Great Companies come in different shapes and sizes, but one thing these companies have in common is that they’ve learned both how to hire A-Players and how to get them to perform at their best.
There are three main types of performance: poor, mediocre and the best.
⁃ Poor Performance – when employees don’t set goals at all and just slog through the work – day after day. In this mode, even A-Players, who have a 90% chance of successfully accomplishing any given job, will just do what they know best without going the extra mile.
⁃ Mediocre Performance – when employees set general goals that too often focus on simply achieving a good outcome: win an order, get a presentation ready, write a proposal.
⁃ The Best Performance – is achieved, when your team sets goals focused not on the outcome per se, but on the process of reaching a certain outcome. The best employees and teams concentrate on exactly (not vaguely) how to get to where they are going.
Below are three examples that illustrate these different types of performance.
– Poor Performers just go for a jog every now and then.
–Mediocre Performers go a step further – they track their pace, weekly mileage and perhaps even create a training plan.
–The Best Performers, however, break running into specific elements and look at what they need to improve in detail: running technique, improved mobility, flexibility, quad power, core strength, cadence, diet, weight, etc. and tackle them one by one with deliberately planned training sessions followed by immediate feedback.
–Poor Performers just slog through the workday: come in, pick up the phone, write emails.
–Mediocre Performers set themselves targets and perhaps even measure results on a weekly or monthly basis.
–The Best Performers, however, break salesmanship into specific elements and improve each one in focused sprints: public speaking and pitching, cold calling, written communications, building rapport, ability to shut up and listen, resilience and tenacity, striking up conversations with strangers, networking, curiosity, asking the right questions, initiative, independence and many more. Just like with the running example above, the Best Salesmen will find a coach, a mentor, a group of peers to provide dispassionate immediate feedback.
One of any Startup CEO’s main responsibilities is to get investment to fund growth – which means working with VCs becomes a hugely important part of their job.
–Poor Performers just get on with the daily work and hope that VCs will one day turn up and invest in their business.

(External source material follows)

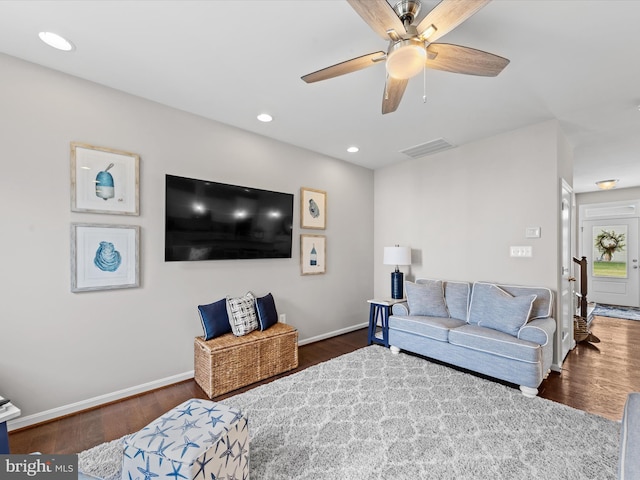 living room with dark hardwood / wood-style flooring and ceiling fan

–Mediocre Performers set themselves targets to contact a certain number of VCs a quarter and do a specific number of pitches.
–The Best Performers, however, break VC pitching into very distinctive sets of skills and deliberately practice them until it becomes their second nature: public speaking, storytelling, rapport building, resilience, tenacity, doing background research on your audience, knowing your numbers, etc.
My beloved Splento Team,
You are all amazing individuals, proper A-Players and I’m very glad we have you as part of the Splento Family.
What I would like for Christmas is for all of you to re-read this post many, many times and understand the different types of performance… and then take a leap of faith with me and wholeheartedly adopt the Best Performer mentality.
It is not going to be easy. It’s going to be a lot of hard work. But if you want to be the best, you have to do things others are not willing to do and when you get into the habit of performing at your best, you’ll enjoy every second of it.